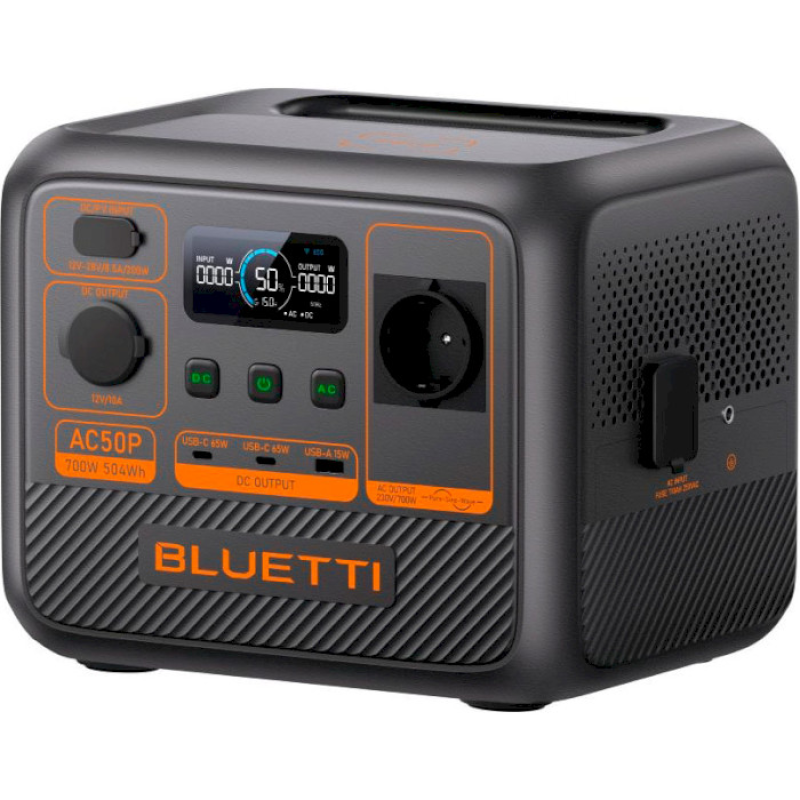 Bluetti  AC50P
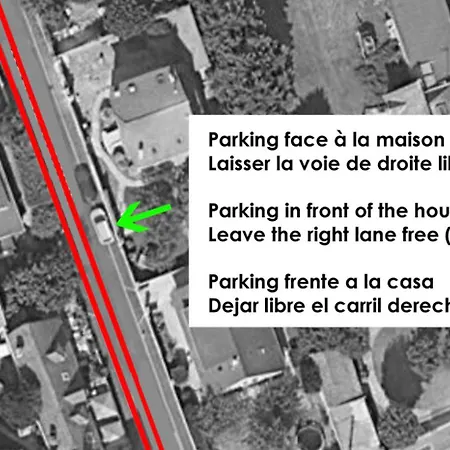 Le Traditionnel - Maison Avec Jardin & Parking - Ideal Disneyland & Paris Hébergement de vacances Lagny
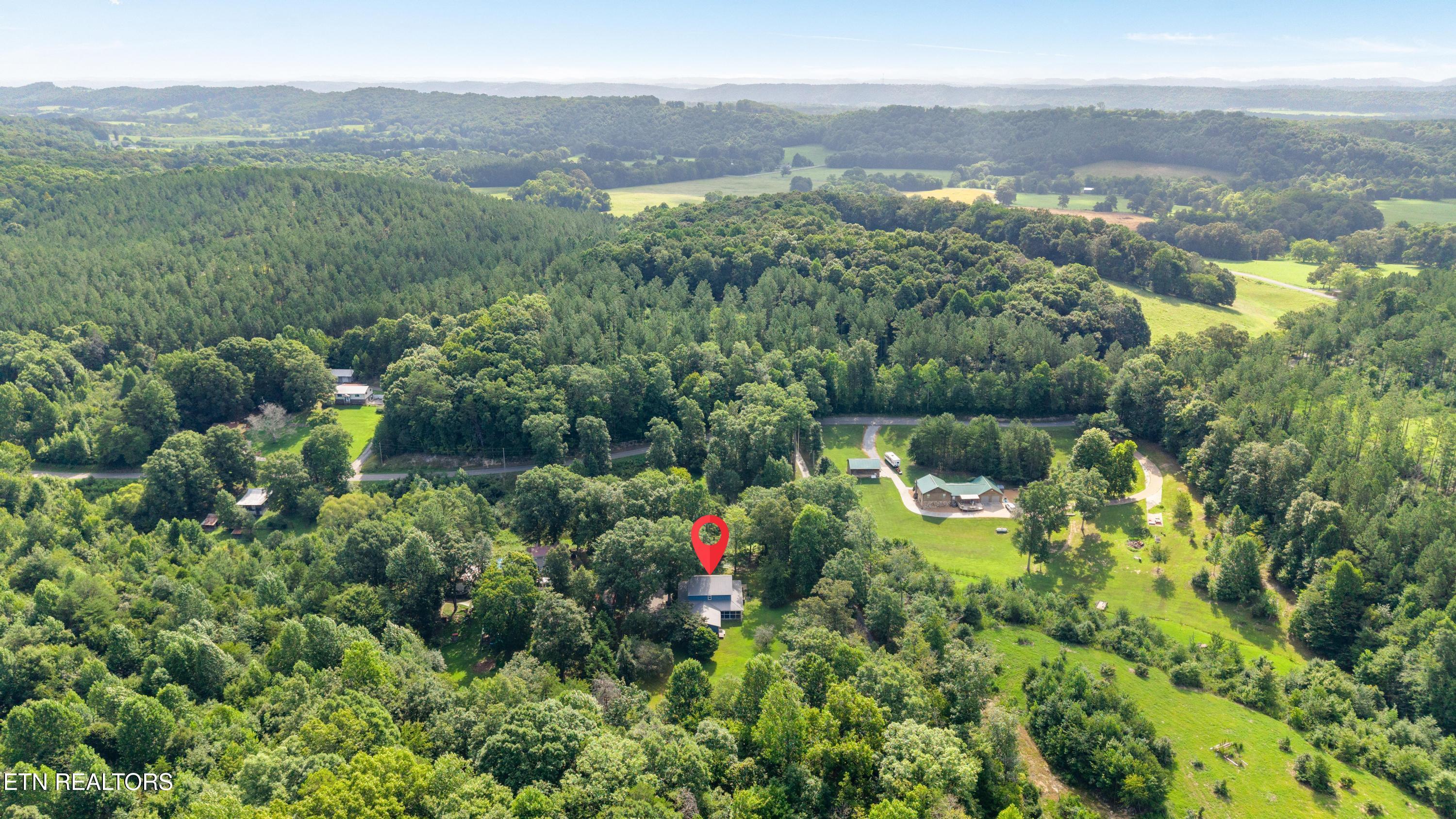 363 County Road 51 Riceville TN 37370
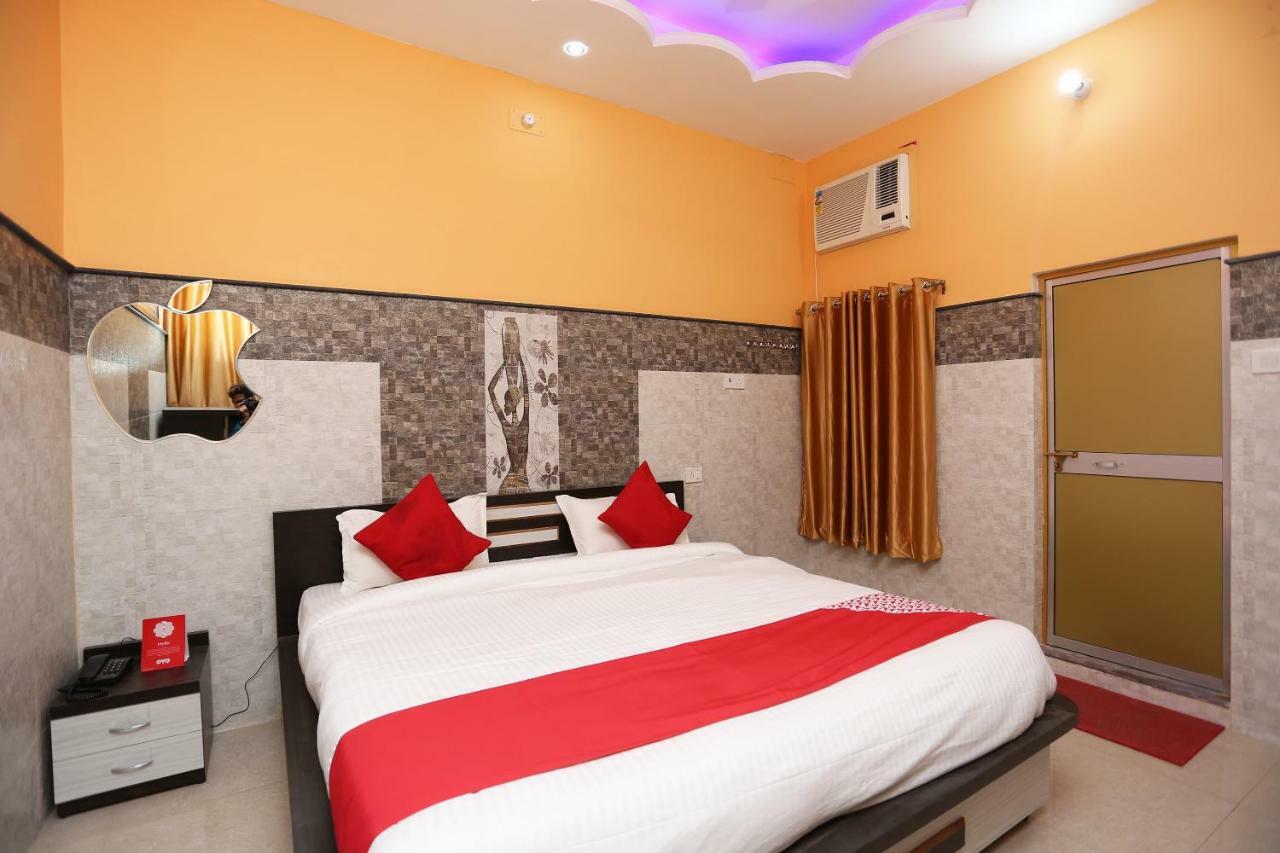 Hotel Bachchan Palace 3*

_ _ _ _ _

A word-for-word copy of the listing is needed. It must not include the pictures.

RESPONSE ▸
 Bluetti  AC50P
 Le Traditionnel - Maison Avec Jardin & Parking - Ideal Disneyland & Paris Hébergement de vacances Lagny
 363 County Road 51 Riceville TN 37370
 Hotel Bachchan Palace 3*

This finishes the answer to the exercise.